Writing a new MediaWiki tarball release script

By

Last week's security release of MediaWiki 1.27.5 / 1.29.3 / 1.30.1 / 1.31.1 mentioned a small hint of a new release script being used for this release. Chad came up with the concept/architecture of the new script, I wrote most of the code, and Reedy did the actual release, providing feedback on missing functionality and other feature requests.

Before I explain the new script, let me explain how the old script worked (source). First, the script would clone MediaWiki core, extensions, skins, and vendor for you. Except it wanted one directory per version being released, so if you wanted to do a security release for 4 MediaWiki versions, then you'd need to have MediaWiki core cloned 4 times! Oh, but since we need to make patch files against the previous release, it'll need to recreate those tarballs (a separate problem), so you now have 8 clones of MediaWiki core. Ouch.

Then comes security patches. These patches are not yet published on Gerrit, and currently only exist as git patch files. The old script required these be in a patches directory, but in a specific naming pattern so the script would know which branch they should be applied to. Mostly this confused releasers and wasn't straightforward.

There were definitely other issues with the old script, but those two were the main motivation for me at least.

Enter makerelease2.py (inital commit). The theory behind this script is to simply archive whatever exists in git. We added the bundled extensions and skins plus vendor as submodules, so we did not have to maintain separate configuration on which extensions should be bundled for which MediaWiki version. This also had the added benefit of making the build more reproducible, as each tag now has a pointer to specific extension commits instead of always using the tip of the release branch.

Excluded files can be maintained with .gitattributes rather than by the release script (yet another plus for reproducibility, maybe you can see a pattern :)).

If you're not already familiar, there's a git-archive command, which creates tarballs (or zipballs) based on what is in your repository. Notably, GitHub uses this for their "Download tarball/zipball" feature.

There's only one drawback - git-archive doesn't support submodules. Luckily other people have also run into this limitation, and Kentzo on GitHub wrote a library for this: git-archive-all. It respects .gitattributes, and had nearly all the features we needed. It was missing the ability to unset git attributes, which I submitted a pull request for, and Kentzo fixed up and merged!

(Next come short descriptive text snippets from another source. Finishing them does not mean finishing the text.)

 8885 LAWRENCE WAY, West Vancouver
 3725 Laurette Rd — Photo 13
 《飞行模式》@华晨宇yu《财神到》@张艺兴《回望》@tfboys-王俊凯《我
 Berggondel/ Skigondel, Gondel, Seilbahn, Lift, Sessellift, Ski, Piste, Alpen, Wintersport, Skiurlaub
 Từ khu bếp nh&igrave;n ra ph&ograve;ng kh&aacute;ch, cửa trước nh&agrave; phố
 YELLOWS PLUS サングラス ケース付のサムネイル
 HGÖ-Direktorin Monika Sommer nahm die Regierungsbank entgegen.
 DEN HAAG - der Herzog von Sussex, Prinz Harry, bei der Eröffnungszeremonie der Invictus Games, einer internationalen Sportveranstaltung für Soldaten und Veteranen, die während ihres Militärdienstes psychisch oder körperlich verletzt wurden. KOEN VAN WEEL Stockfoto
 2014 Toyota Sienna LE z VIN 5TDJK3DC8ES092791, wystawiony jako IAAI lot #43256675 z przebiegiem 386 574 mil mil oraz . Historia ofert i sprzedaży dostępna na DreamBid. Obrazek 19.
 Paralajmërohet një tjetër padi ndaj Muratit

So, running the new script: ./makerelease2.py ~/path/to/mw-core 1.31.1. This will spit out two tarballs, one of the mediawiki-core variant (no extensions or skins bundled), and the full mediawiki tarball. You can create a tarball of whatever you want, a tag, branch, a specific commit, etc., and it'll run. Additional checks will kick in if it is a tag, notably that it will verify that $wgVersion matches the tag you're trying to make.

To create a security release, you take a fresh clone of MediaWiki core, apply the security patches to the git tree, and create the new tags. Using the native git tools makes it straightforward to apply the patches, and then once the release has been announced, it can easily be pushed to Gerrit.

If you pass --previous 1.31.0, then it will additionally create a patch file against the previous tarball that you specified. However, instead of trying to recreate that tarball if it doesn't exist, we download that tarball from releases.wikimedia.org. So regardless of any changes to the release scripts, the patch file will definitely apply to the previous tarball (this wasn't true in the past).

The following bugs were fixed by this rewrite:

What's next? This was really only step 1 in the "streamline MediaWiki releases" project. The next step (as outlined by Chad) is to continuously be generating tarballs, and then be generating secret tarballs that also include the current security patches. I don't think any of this is especially technically hard, it will mostly require process improvements with how we handle and manage security patches.